(A group of cyclists buzzing the back roads near Camp Sherman | Photo by Trevor Lydon)
Dirty Freehub is a nonprofit created back in 2013 that tracks gravel roads, bike trails and quiet paved roads to create curated bike route guides. This year, the nonprofit celebrates their tenth anniversary.
Dirty Freehub was founded by Kevin English after he was injured on a mountain biking trip in Moab, Utah. While he was injured, his wife Linda English decided that he would make a great driver for her and her friends as they biked paved roads in rural Oregon.
“While supporting a road ride from Prineville to Post to Paulina, Kevin continued to notice the amazing gravel roads with no traffic that cut through the Ochoco National Forest,” Linda said. “So he purchased two gravel bikes, one for himself and one for me, and started riding. Finding routes was not so easy as there are very few signs that tell you where to go and some routes are much better than others.”
With the mission of organizing these bikeways to make future trips easier to plan and safer to accomplish for riders, the first Dirty Freehub website was born. Now, with over 15,000 followers on social media, Dirty Freehub tracks over 13,000 miles of curated route guides across the Western United States, Western Canada and Tasmania.
“So much of the Western United States has roads that were created for farming, logging or access to recreation, which are often great places for cyclists to ride,” Linda said. “Through our free guides, we inspire people to ride places that are scenic, fun to ride and have a lot less traffic. Our routes use gravel roads, quiet paved roads and bike trails that already exist.”
Dirty Freehub has many social missions. Aside from just being a very helpful planning tool for bikers looking to plan a ride, they also encourage people who use their website to connect with and appreciate rural parts of the West.
“We encourage people to ride to places that are often in rural or remote parts of the Western United States,” said Linda. Using Paisley, Oregon as an example, she continued and said, “Our hope is that cyclists enjoy these places, but also spend money by staying at hotels and eating at the local restaurants.”
This is inspired by Linda and Kevin’s greater mission; to help ease the divide between rural and urban communities. Linda mentioned how most of their followers are people from metropolitan areas like Portland, San Francisco, Seattle and a few other cities. A service like Dirty Freehub helps get people from these places out to more rural parts of America.
Education also plays a role in the mission of Dirty Freehub, “We educate cyclists on where they ride by including podcasts and stories about culture, history and the environment in the route guides,” Linda said. “For example, we want cyclists to learn about the Oregon Trail, to understand their impact on Sonoran pronghorn survival, or possibly to meet the artist who created the statue of a bear in Madras.”
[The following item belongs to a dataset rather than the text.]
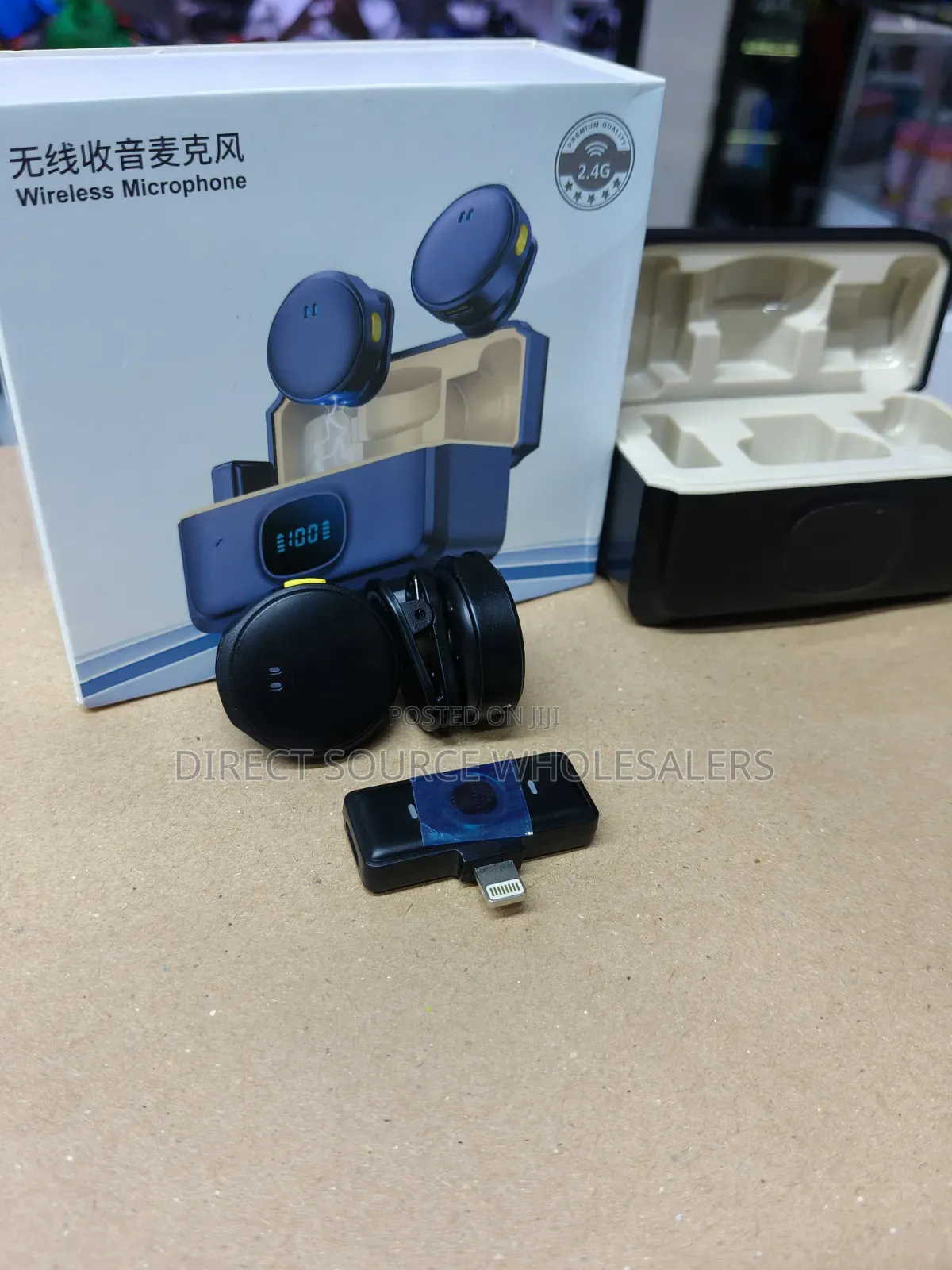 Clear Recording Microphone With a iPhone Port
In celebrating their tenth anniversary, Linda and Kevin see a bright future ahead for Dirty Freehub, listing out plenty of goals to help maintain and expand their service. These goals include; building and maintaining route guide across the Western United States while increasing their depth of educational materials for these regions; expanding the Dirty Roads Crew, which maintains popular routes by removing fallen trees and other debris; continuing to create “mashup routes” like the Read and Ride program where cyclists read a specific book that is tied to the region or route; and lastly, they are always striving to improve the Dirty Freehub website.